Segment Start: Records

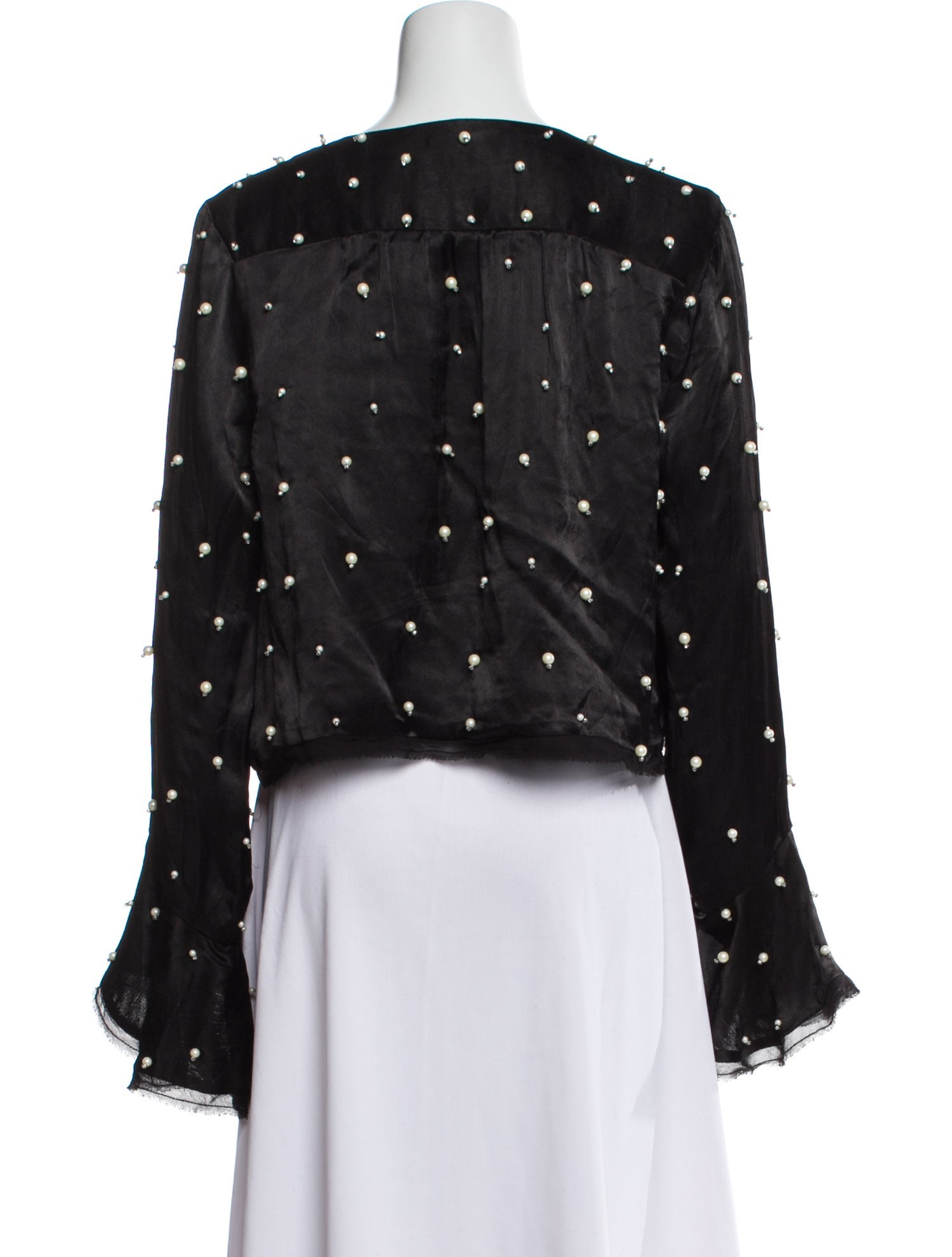 LoveShackFancy Polka Dot Print Scoop Neck Crop Top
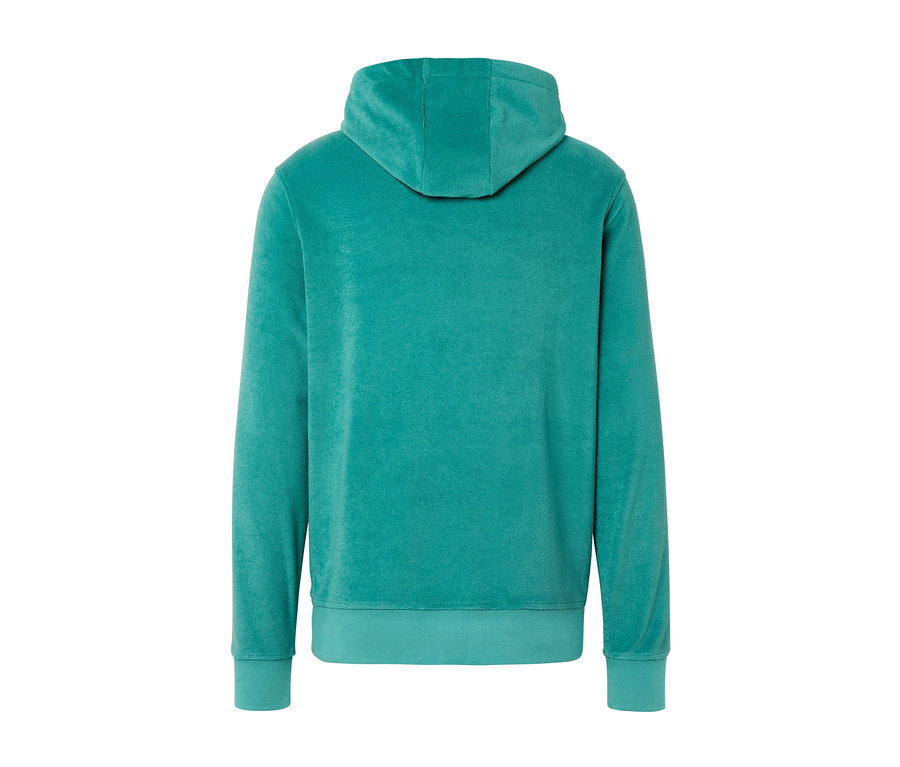 Vue arrière d'un sweat-shirt à capuche en tissu éponge vert.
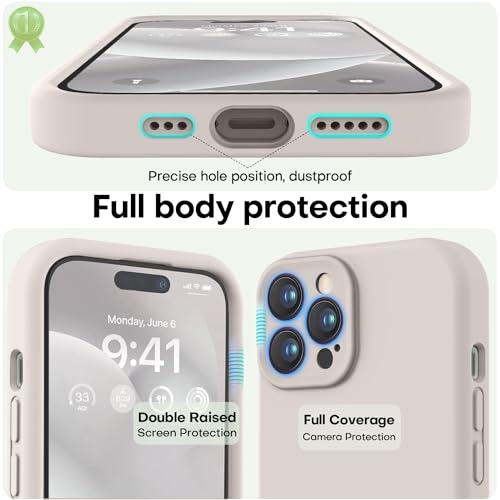 Image of LOVE 3000 Designed for iPhone 14 Pro Max Case, Premium Silicone with [Soft Anti-Scratch Microfiber Lining] Shockproof Protective Phone Case for Men Women Girls 6.7 inch, Stone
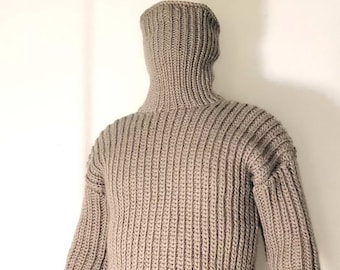 Hand knitted 100% WOOL mens sweater with turtleneck woolen pullover, soft elastic jumper, many colors, any size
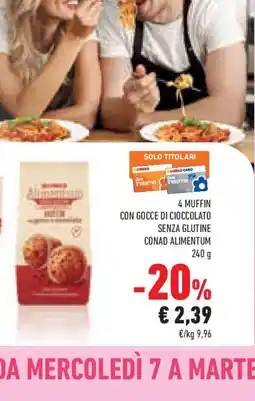 Conad Superstore 4 muffin con gocce di cioccolato senza glutine conad alimentum offerta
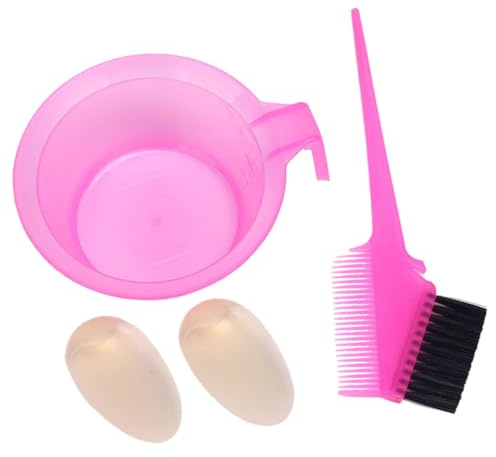 ULTECHNOVO 2 Sets Hair Dye Comb and Hair Coloring Bowl DIY Hairdressing Tools Double-sided Professional Pink Salon Accessories and Highlighting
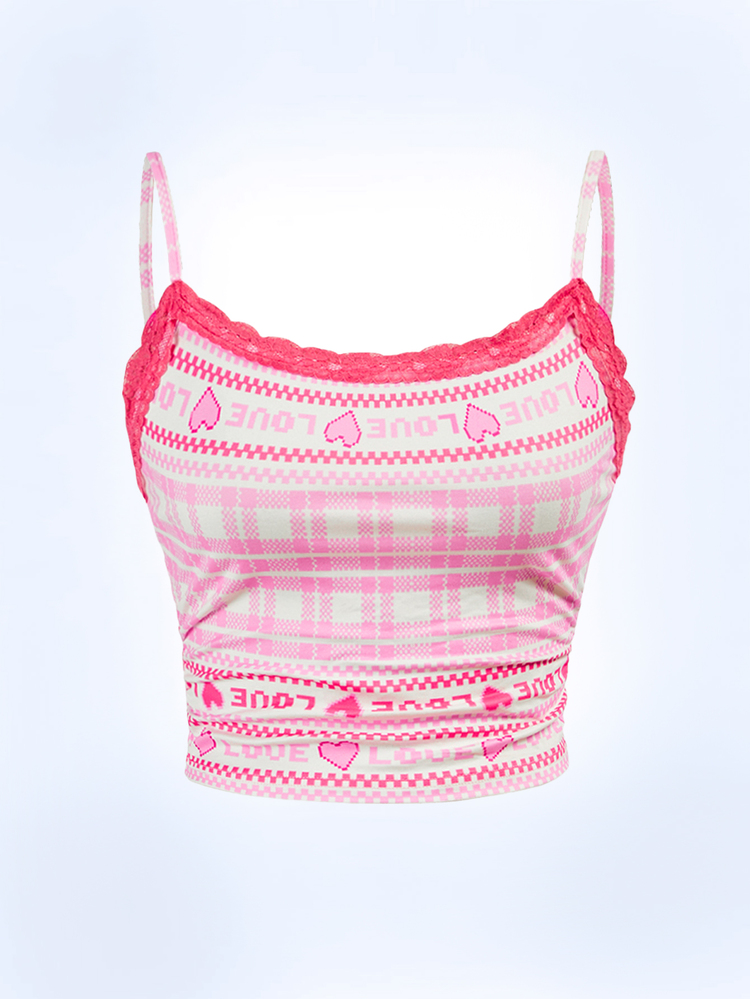 Y2Kool Maria Clara Maia Nude & Red Contrast Color Christmas Star Heart Cupcake Candy Cane Cookie Y2K Streetwear Lace Patchwork 2 Pieces Set, Suitable For Autumn/Winter Home Gathering, Holiday, Christmas Season, Daily Wear - Pink - View 6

Segment End: Records

◆ Activity: Would you retype the material exactly, omitting each picture?

◆ Your response:
 LoveShackFancy Polka Dot Print Scoop Neck Crop Top
 Vue arrière d'un sweat-shirt à capuche en tissu éponge vert.
 Image of LOVE 3000 Designed for iPhone 14 Pro Max Case, Premium Silicone with [Soft Anti-Scratch Microfiber Lining] Shockproof Protective Phone Case for Men Women Girls 6.7 inch, Stone
 Hand knitted 100% WOOL mens sweater with turtleneck woolen pullover, soft elastic jumper, many colors, any size
 Conad Superstore 4 muffin con gocce di cioccolato senza glutine conad alimentum offerta
 ULTECHNOVO 2 Sets Hair Dye Comb and Hair Coloring Bowl DIY Hairdressing Tools Double-sided Professional Pink Salon Accessories and Highlighting
 Y2Kool Maria Clara Maia Nude & Red Contrast Color Christmas Star Heart Cupcake Candy Cane Cookie Y2K Streetwear Lace Patchwork 2 Pieces Set, Suitable For Autumn/Winter Home Gathering, Holiday, Christmas Season, Daily Wear - Pink - View 6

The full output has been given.